The child was killed in the Halifax Explosion of December 6th, 1917, before enjoying another day of lessons and play at St. Joseph’s School where, it seems to me, no part of a pencil or an eraser ever went to waste, hair was kept neatly groomed, and bouncy ball toys might have been taken away by a stern nun from time to time.
This death, as far as I know, was never labeled collateral damage or an accident of friendly fire. Though, the way I see things, it was a little bit of both combined with too much innocent victim of the most devastating, man-made explosion ever to rip through wartime history prior to the dawn of the Atomic Age. (After that, the explosions at Hiroshima and Nagasaki usurped the Halifax Explosion for biggest and most destructive.)
The Halifax Explosion happened during World War I. It was an event of war that resulted in casualties and lifelong trauma for civilian citizens on North American soil.
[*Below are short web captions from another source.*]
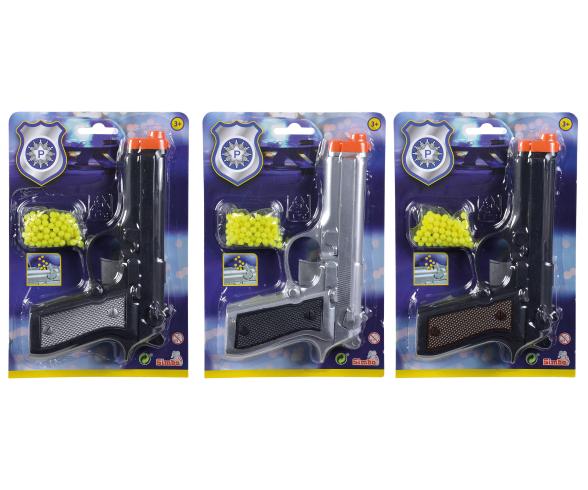 Bullet Gun with Ammunition, 3-ass.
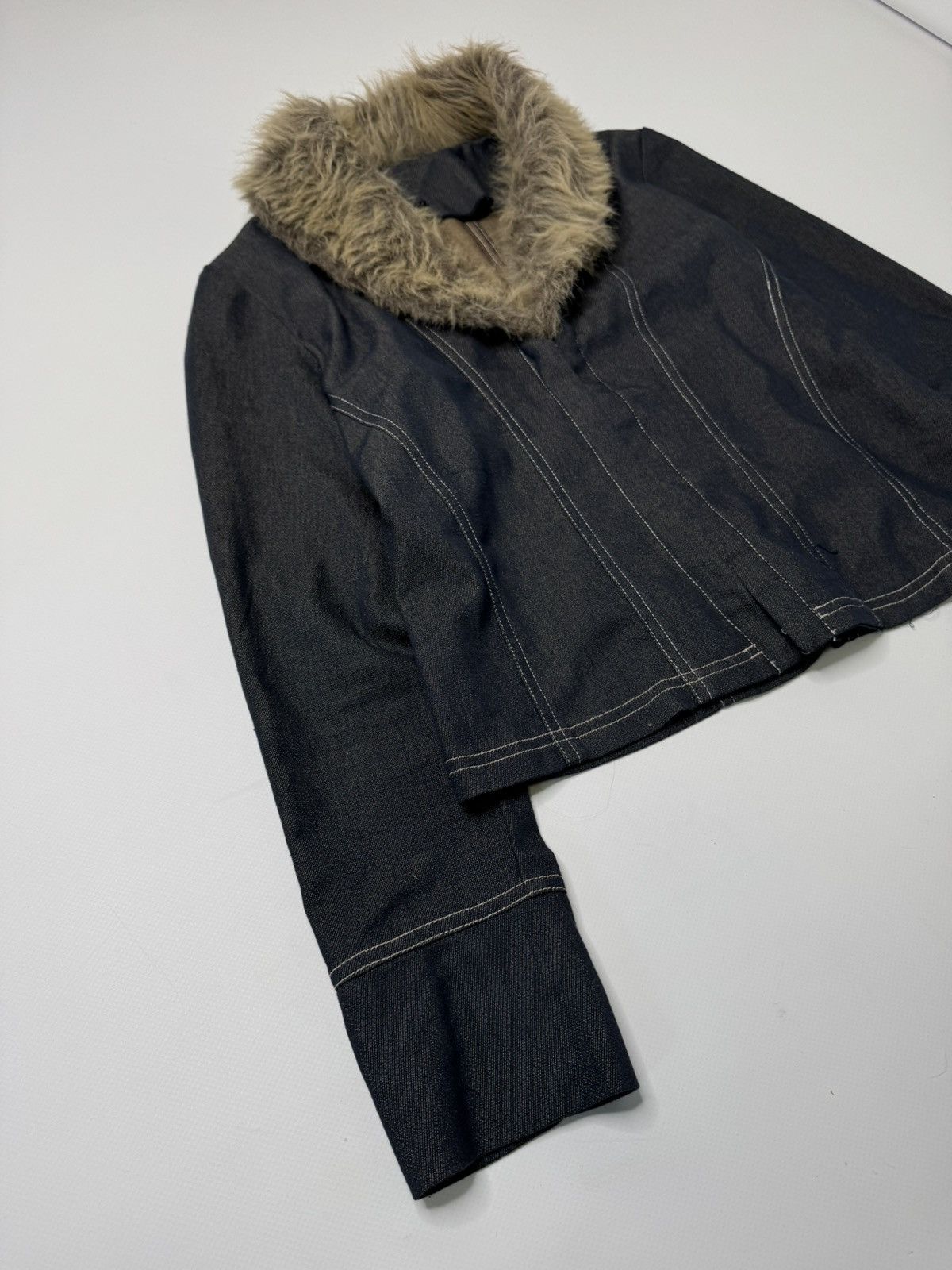 Vintage Vintage avant garde fur blazer swag y2k if6was9 l.g.b. sk8 Size M / US 6-8 / IT 42-44 - 3 Thumbnail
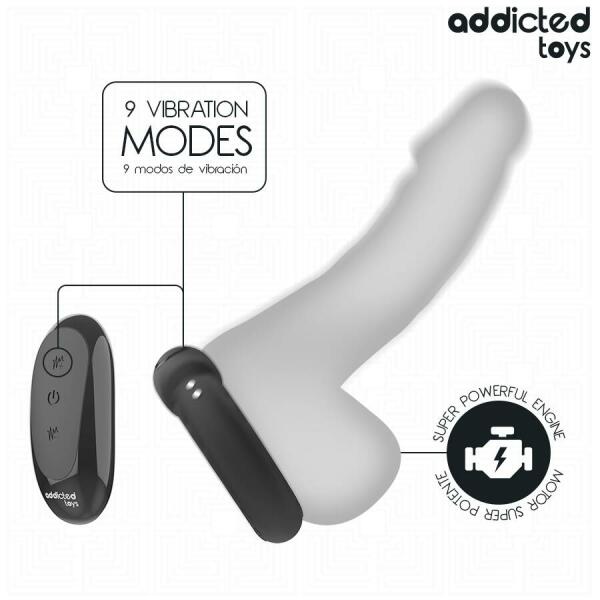 ADDICTED TOYS - HEATING EFFECT VIBRATING COCK RING REMOTE CONTROL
Like a lot of legendary war stories, the story of the Halifax Explosion is a tragic tale of unfathomable human recklessness tangled up with inspiring examples of humanitarian courage, comfort, and care.
The setting for this war story was Halifax Harbour, a place of prosperity due to its position as a significant port for naval warfare operations in North America. Through the harbour’s particularly tight passage, known as The Narrows, sailed ships in the business of organizing convoys to deliver munitions, supplies, and soldiers to the battlefields of Europe. One such ship, the French ship Mont-Blanc, carried a load of munitions so lavish and volatile that her cargo holds were secured by copper nails to prevent sparks—a detail as useful as designing a place to keep a bucket of water in the cargo hold of the Enola Gay, in case her infamous cargo blew too soon.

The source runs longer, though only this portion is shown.